4. Аристократическая власть для победившего капитализма
Сам по себе XIX век был эпохой мирных преобразований, когда парламентская демократия получила прочное основание, постепенно расширяя свой успех. Прежде чем обратиться к вопросу, какая часть аграрных перемен сыграла роль в этом процессе, следует кратко остановиться на том, какими способами насилие в XVII и XVIII вв. – в одном случае открытое революционное, в другом случае скрытое и легальное, но от этого не менее жестокое – подготовило путь для мирного перехода в XIX в. Устранение связи между этими эпохами равносильно фальсификации истории. Однако уверять в необходимости и неизбежности этой связи означало бы объяснять настоящее через прошлое с помощью аргумента, который невозможно проверить. Все, на что способен социальный историк, – это указать на контингентную связь отдельных изменений в социальной структуре.
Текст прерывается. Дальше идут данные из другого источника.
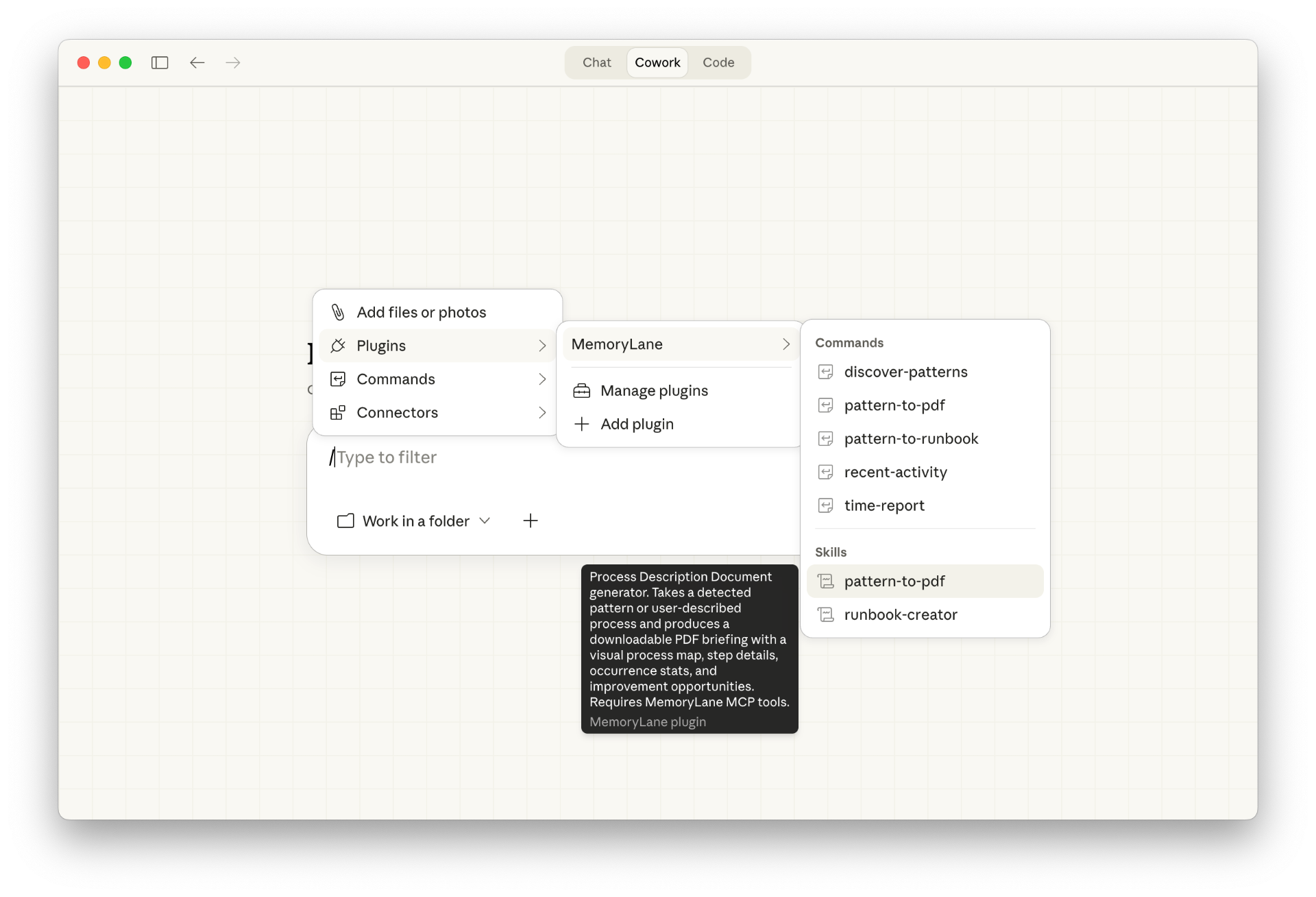 Memorylane screenshot 3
Пожалуй, главным наследством сурового прошлого было усиление парламента за счет власти короля. Факт существования парламента означал наличие гибкой институции, обеспечивающей площадку, где могут быть представлены новые социальные элементы по мере возникновения их требований, а также – институциональный механизм для мирного разрешения конфликтов среди этих групп. Даже если парламент возник после гражданской войны главным образом как инструмент коммерчески настроенных представителей высшего класса землевладельцев, он не остался таковым, став чем-то гораздо бо́льшим, как показал опыт. Тот факт, что этот класс создал себе экономическую опору, подтолкнувшую его на сопротивление королю в период до гражданской войны, был напрямую связан с усилением парламента – данный момент прояснится, если сравнить ход событий в Англии с теми странами, где этого не произошло. Сильная коммерческая ориентированность высших классов землевладельцев, джентри и титулованной знати также означала отсутствие сплоченной группы аристократов, которая бы выступала против развития промышленности. Несмотря на многочисленные проявления недовольства среди знати, следует признать, что наиболее влиятельная часть высших классов землевладельцев стала политическим авангардом торгово-промышленного капитализма. В XIX в. эта политика продолжилась в новых формах.